══ Information given
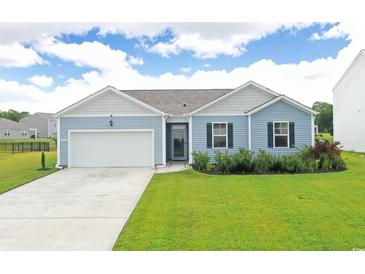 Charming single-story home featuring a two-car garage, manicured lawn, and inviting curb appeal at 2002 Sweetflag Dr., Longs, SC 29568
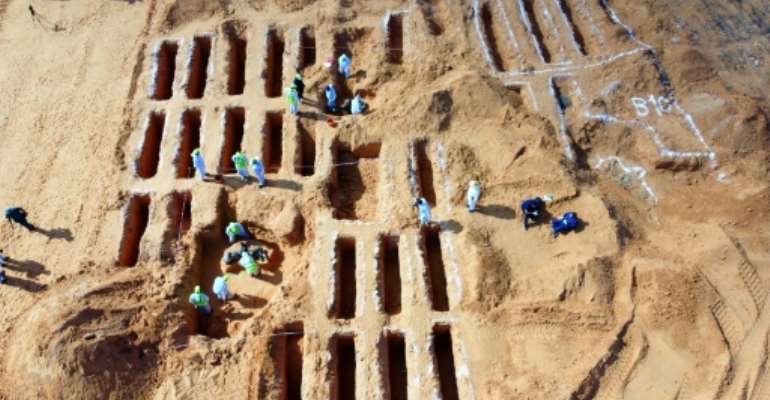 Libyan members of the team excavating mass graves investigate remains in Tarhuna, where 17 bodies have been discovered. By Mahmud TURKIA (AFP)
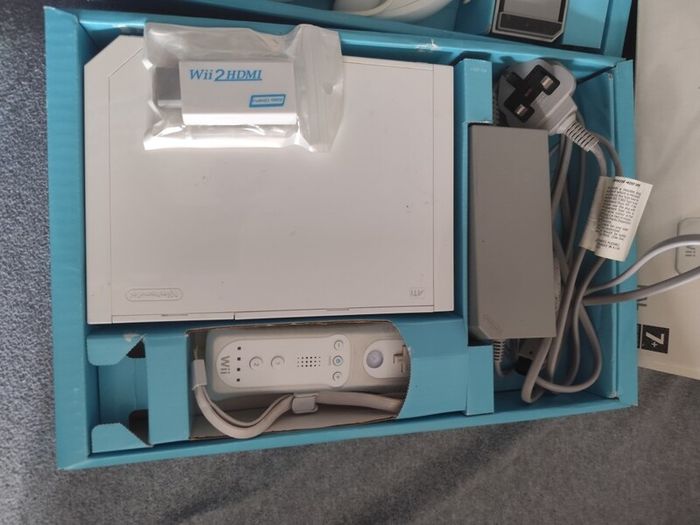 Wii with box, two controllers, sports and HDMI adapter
════
══ Information given
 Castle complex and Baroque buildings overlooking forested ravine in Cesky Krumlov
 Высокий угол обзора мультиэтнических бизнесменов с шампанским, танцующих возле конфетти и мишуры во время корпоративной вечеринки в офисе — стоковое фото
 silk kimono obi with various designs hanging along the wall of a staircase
════
══ Information given
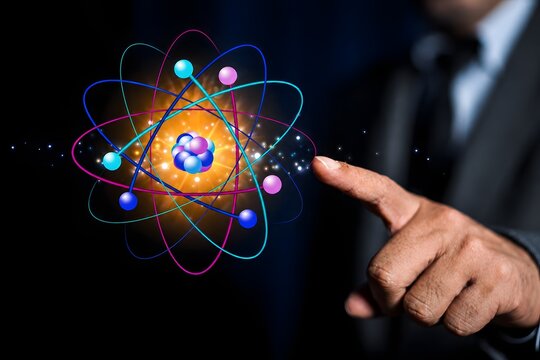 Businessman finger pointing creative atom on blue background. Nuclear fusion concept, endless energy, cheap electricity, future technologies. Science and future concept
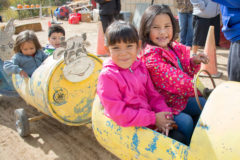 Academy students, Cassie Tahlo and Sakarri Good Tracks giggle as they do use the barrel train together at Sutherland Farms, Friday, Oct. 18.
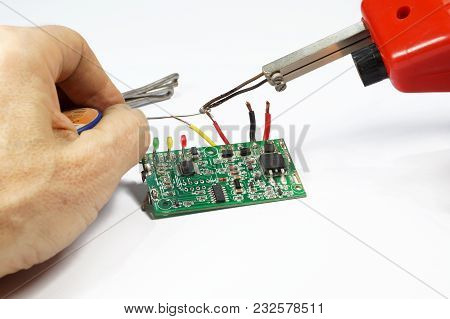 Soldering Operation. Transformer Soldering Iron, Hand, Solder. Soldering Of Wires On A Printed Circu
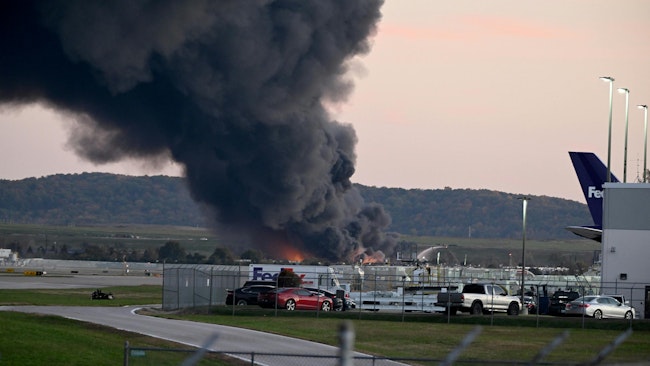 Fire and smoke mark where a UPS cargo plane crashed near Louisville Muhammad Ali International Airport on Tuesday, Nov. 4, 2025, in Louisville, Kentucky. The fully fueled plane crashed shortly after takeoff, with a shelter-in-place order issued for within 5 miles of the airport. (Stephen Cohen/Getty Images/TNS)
════
*Activity*. Transcribe exactly the lines above, beginning at the one with "Charming single-story home" and going up to and including the one with "Wii with box, two". Pictures do not belong in the copy.

*Worked solution*.
 Charming single-story home featuring a two-car garage, manicured lawn, and inviting curb appeal at 2002 Sweetflag Dr., Longs, SC 29568
 Libyan members of the team excavating mass graves investigate remains in Tarhuna, where 17 bodies have been discovered. By Mahmud TURKIA (AFP)
 Wii with box, two controllers, sports and HDMI adapter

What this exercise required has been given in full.